[ASSIGNMENT]
Your copy of the data should match it exactly, except that the pictures are gone.

[GIVEN DATA]

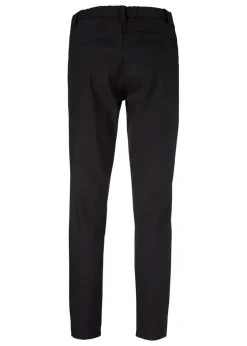 IVY-Alice MW Pant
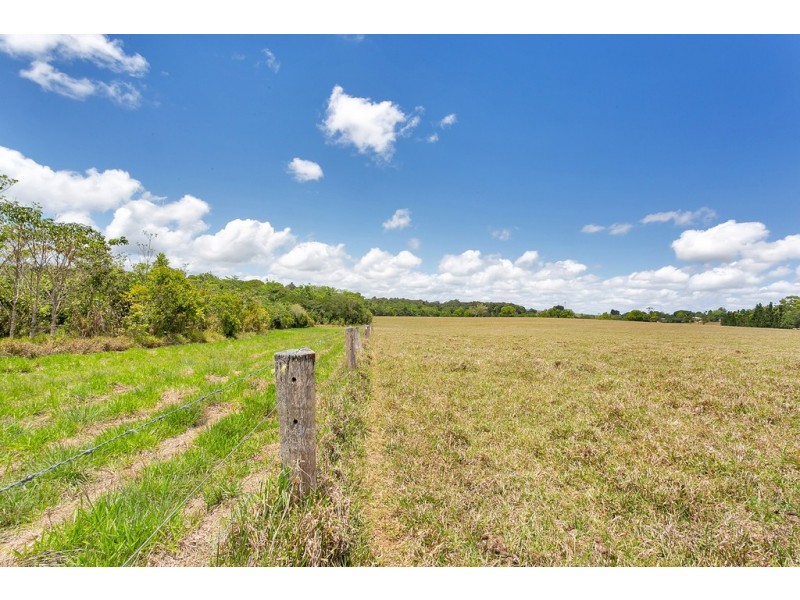 Lots 1, 3, 71 Malanda North, Malanda QLD 4885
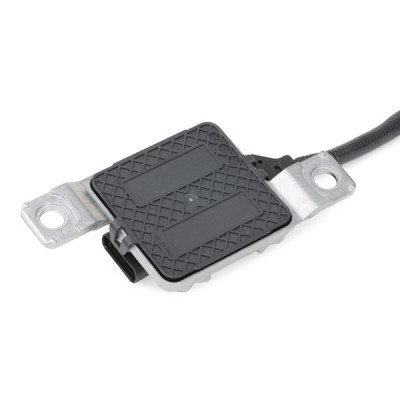 NOx-Sensor RIDEX 4965N0018 4965N0018 - foto 6
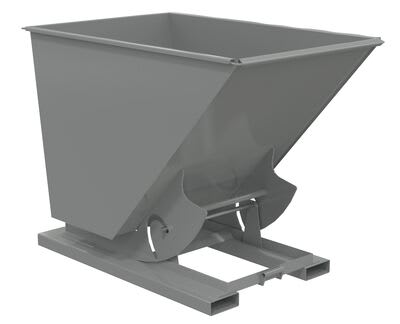 VESTIL D-150-HD-NB-GY-SG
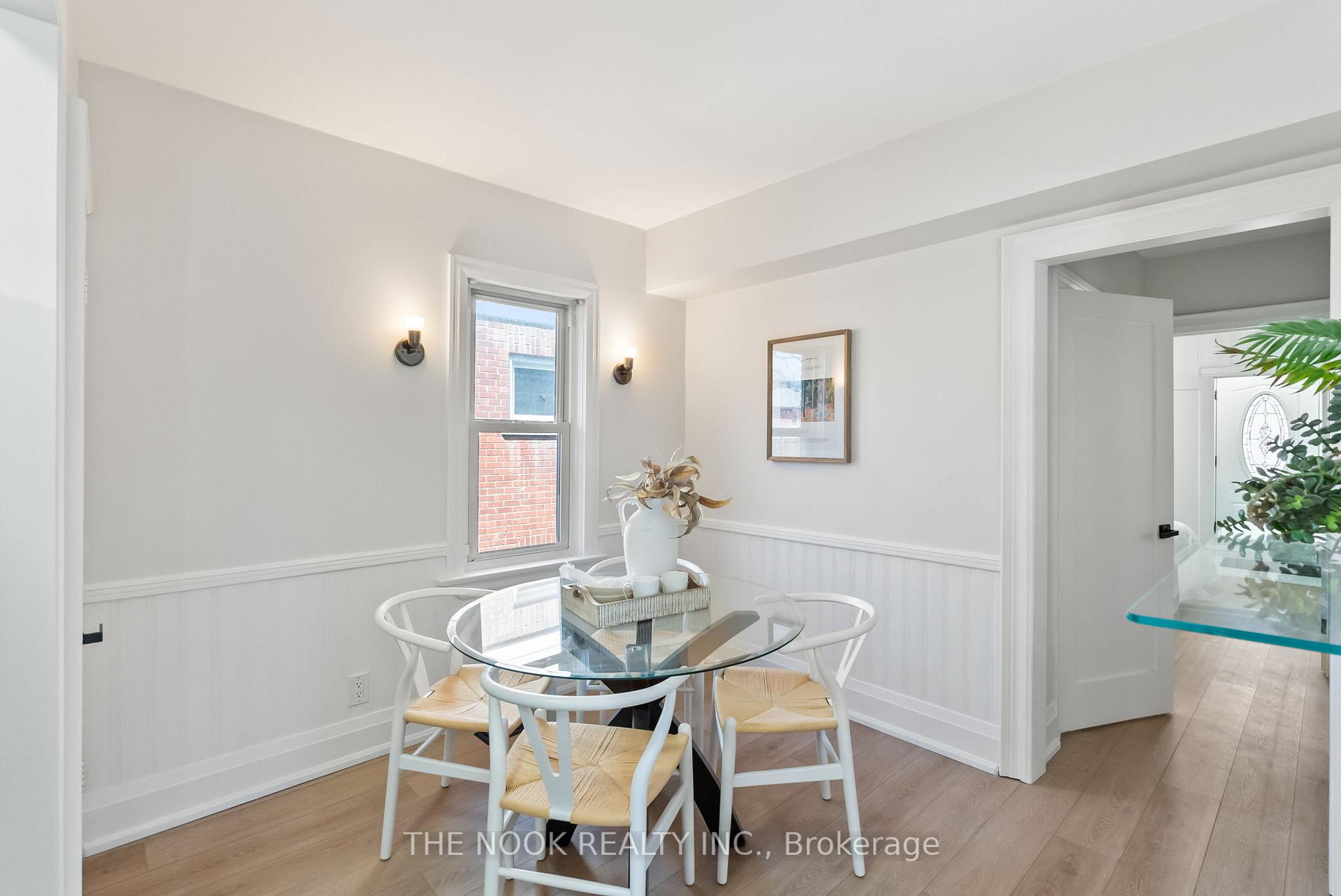 Photo 23 of 56 Warren Avenue, Oshawa, McLaughlin — HOMEH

[WRITTEN ANSWER]
 IVY-Alice MW Pant
 Lots 1, 3, 71 Malanda North, Malanda QLD 4885
 NOx-Sensor RIDEX 4965N0018 4965N0018 - foto 6
 VESTIL D-150-HD-NB-GY-SG
 Photo 23 of 56 Warren Avenue, Oshawa, McLaughlin — HOMEH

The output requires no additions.